Machine learning basics
There are some incredible interactive visual resources on the web that explain how Machine Learning works more in depth. A great place to start is R2D3’s visual introduction to ML.
The ideas that make up modern Machine Learning have been around since the 1950s. At its core, it’s very simple: data has patterns, and you can use those patterns to predict what’s going to happen next. In fact, you already do this every day.
Imagine you’ve got a friend who is constantly late. You’ve got a party coming up, so your expectation is that he’s going to, shocker, be late again. You don’t know that for sure, but given that he has always been late, you figure there’s a good chance he will be this time. And if he shows up on time, you’re surprised, and you keep that new information in the back of your head; maybe next time you’ll adjust your expectations on the chance of him being late.

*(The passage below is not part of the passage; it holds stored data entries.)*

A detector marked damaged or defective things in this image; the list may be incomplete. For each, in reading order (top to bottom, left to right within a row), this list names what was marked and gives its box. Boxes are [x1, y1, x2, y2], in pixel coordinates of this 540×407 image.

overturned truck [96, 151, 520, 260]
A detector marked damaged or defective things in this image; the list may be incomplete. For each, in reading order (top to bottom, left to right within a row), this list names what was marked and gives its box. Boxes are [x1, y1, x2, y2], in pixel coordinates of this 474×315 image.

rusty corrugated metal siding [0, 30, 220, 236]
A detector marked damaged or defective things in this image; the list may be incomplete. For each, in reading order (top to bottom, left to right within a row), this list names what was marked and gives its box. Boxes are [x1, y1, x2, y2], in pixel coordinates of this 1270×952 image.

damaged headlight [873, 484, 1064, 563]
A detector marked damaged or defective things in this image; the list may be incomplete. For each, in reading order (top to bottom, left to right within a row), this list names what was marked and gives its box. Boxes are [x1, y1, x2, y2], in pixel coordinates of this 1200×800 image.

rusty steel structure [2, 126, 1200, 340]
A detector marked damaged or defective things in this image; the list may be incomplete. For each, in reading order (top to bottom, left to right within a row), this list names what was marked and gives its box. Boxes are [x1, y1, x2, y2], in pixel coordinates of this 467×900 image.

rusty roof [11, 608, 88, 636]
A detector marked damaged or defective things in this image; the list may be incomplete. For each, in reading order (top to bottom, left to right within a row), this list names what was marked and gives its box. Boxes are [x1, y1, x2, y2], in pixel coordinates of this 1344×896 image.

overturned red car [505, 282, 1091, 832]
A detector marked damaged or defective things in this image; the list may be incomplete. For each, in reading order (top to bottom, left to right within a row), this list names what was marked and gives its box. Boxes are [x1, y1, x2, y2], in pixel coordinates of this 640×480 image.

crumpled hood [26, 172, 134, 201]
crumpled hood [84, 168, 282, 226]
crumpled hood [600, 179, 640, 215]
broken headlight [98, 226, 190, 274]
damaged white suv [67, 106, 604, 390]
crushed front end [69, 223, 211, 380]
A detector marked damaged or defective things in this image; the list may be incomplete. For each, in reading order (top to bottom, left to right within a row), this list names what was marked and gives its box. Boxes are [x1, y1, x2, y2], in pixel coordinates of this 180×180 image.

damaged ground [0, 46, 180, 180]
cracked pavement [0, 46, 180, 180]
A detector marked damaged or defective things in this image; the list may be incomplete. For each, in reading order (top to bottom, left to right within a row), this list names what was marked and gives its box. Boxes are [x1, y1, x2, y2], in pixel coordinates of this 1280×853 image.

Your brain has millions of these models working all the time, but their actual internal mechanics are beyond our scientific understanding for now. So in the real world, we need to settle for algorithms – some crude, and some highly complex – that learn from data and extrapolate what’s going to happen in unknown situations. Models are usually trained to work for specific domains (predicting stock prices, or generating an image) but increasingly they’re becoming more general purpose.
Logistically, a Machine Learning model is sort of like an API: it takes in some inputs, and you teach it to give you some outputs. Here’s how it works:
- Curate some data – gather data on the problem you’re trying to predict and get it ready for a model to look over.
- Train the model – choose an algorithm (or two), and try to fit a model to the data.
- Predict – you show new data to the model, and it spits out what it thinks
You design the model’s interface – what kind of data it takes, and what kind of data it returns – to match whatever your task is.
Central to the idea of Machine Learning is figuring out how to frame something as a Machine Learning problem. For old school examples like predicting stock prices (or if your friend is going to be late), it’s straightforward. The data is historical stock prices, and the output is the stock price at a future date.
But what about something less obvious, like image classification? Imagine you’re a corn (and soybean) farmer in Iowa, and you want to develop a model that allows you to detect whether images of your crop have harmful pests in them or not. How would you frame that as a prediction problem?
Images, as represented on computers, are a bunch of pixels. Each pixel has a color value, and over several thousand of them in specific positions, you’ve got an image. This is how a computer sees a picture.